Dans les années 1930, les concentrations en oxygène dissous s’élevait à 135 micromolaires (µM). Un taux qui est passé à environ 60 µM au milieu des années 1980 et qui est demeuré stable jusqu’en 2019, avec des variations de ± 5 µM. Depuis deux ans, les concentrations ont atteint un seuil inquiétant pour les scientifiques, affichant même des concentrations entre 34 et 30 µM en octobre dernier. Le seuil définissant une hypoxie sévère est de 62 micromolaires.
« À ces concentrations, plusieurs espèces ne peuvent survivre », indique la professeure Gwénaëlle Chaillou, qui est la titulaire de la Chaire de recherche du Canada sur la géochimie des hydrogéosystèmes côtiers. « Alors que les concentrations d’oxygène étaient stables les dix dernières années, on assiste depuis deux ans à une chute alarmante qui pourrait avoir de grave conséquences sur la macrofaune, comme les poissons, et la faune benthique, comme les crustacés et les mollusques, disparaîtraient. »
Les plus récentes données font suite à trois missions océanographiques sur le Coriolis II au courant des mois d’août, septembre et octobre. Elles étaient respectivement menées par des groupes de recherche de l’ISMER-UQAR, de l’Université McGill et de l’Université Concordia, d’étudiante et d’étudiants à la maîtrise en océanographie de l’ISMER-UQAR et, enfin, du Réseau Québec maritime (RQM) et de MEOPAR pour le projet TReX.

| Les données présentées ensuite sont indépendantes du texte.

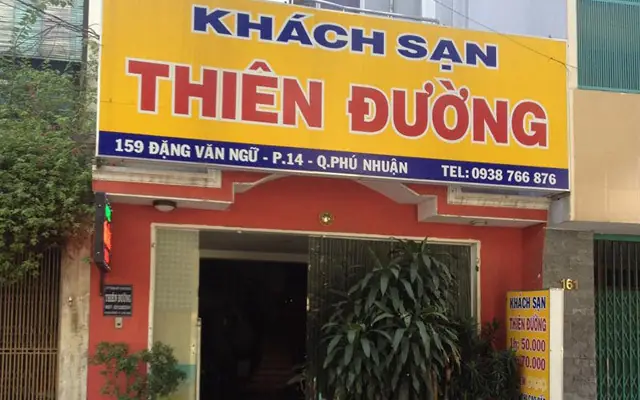 Khách Sạn Thiên Đường: Hành Trình Tận Hưởng Sự Sang Trọng Và Yên Bình Giữa Thiên Nhiên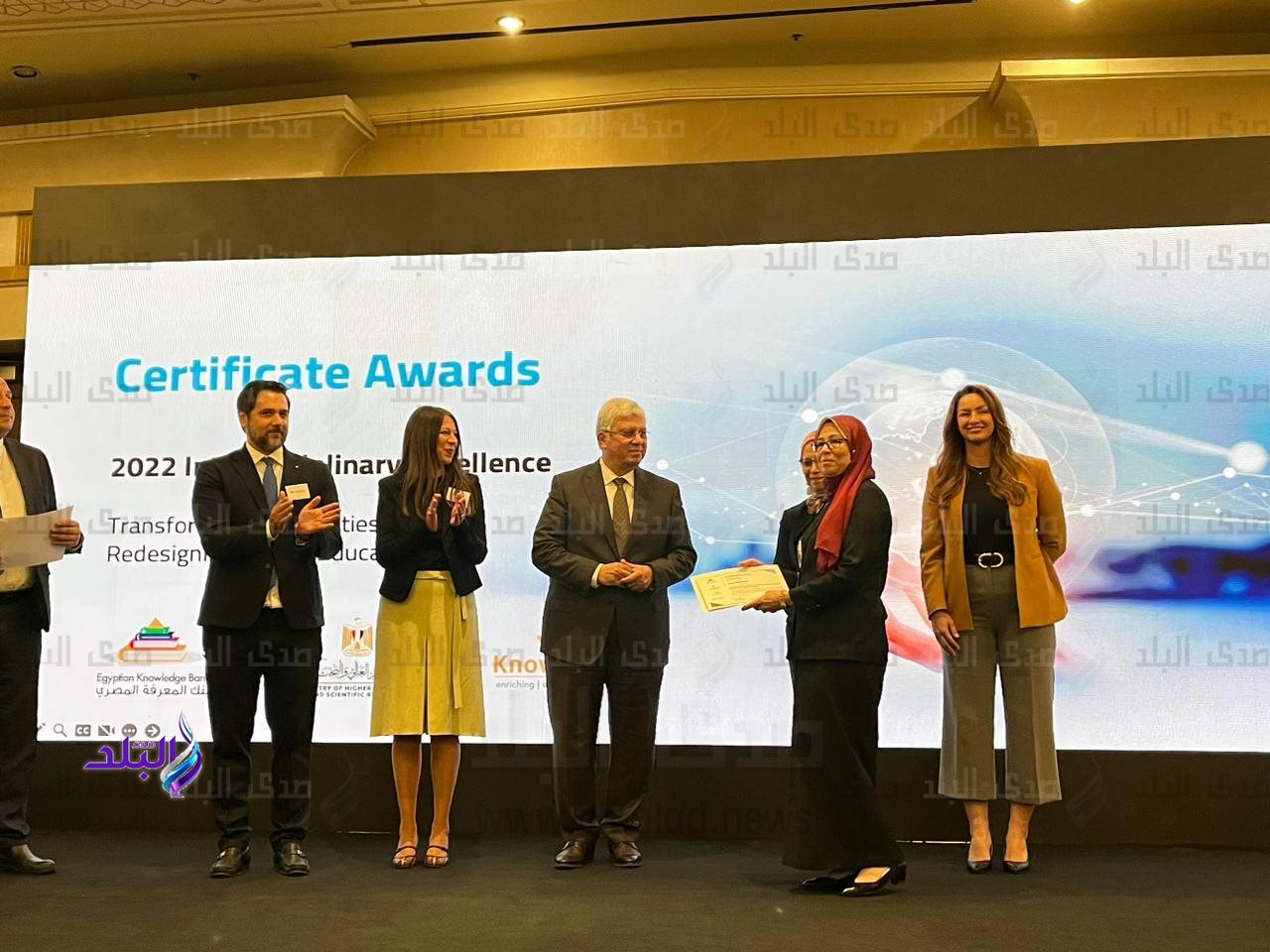 فعاليات ندوة برامج البحوث البينية ومتعددة التخصصات4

L’estuaire du Saint-Laurent est à un moment charnière, poursuit la professeure Chaillou. Les concentrations en oxygènes dissous sous 250 mètres de profondeurs laissent présager d’importants changements pour la préservation de cet écosystème et des organismes marins qui y habitent. « La superficie de la zone sous-oxygénée a pratiquement doublé en 15 ans! Dans ces conditions de sous-oxygénation aigue, les sédiments du St-Laurent pourraient devenir des sources pour plusieurs éléments chimiques, dont les sulfures dissous et des métaux, qui s’accumuleraient dans les eaux profondes. Quelles en seraient les conséquences écologiques, surtout quand ces eaux rejoignent la surface près de Tadoussac? », se questionne la titulaire de la Chaire de recherche du Canada sur la géochimie des hydrogéosystèmes côtiers.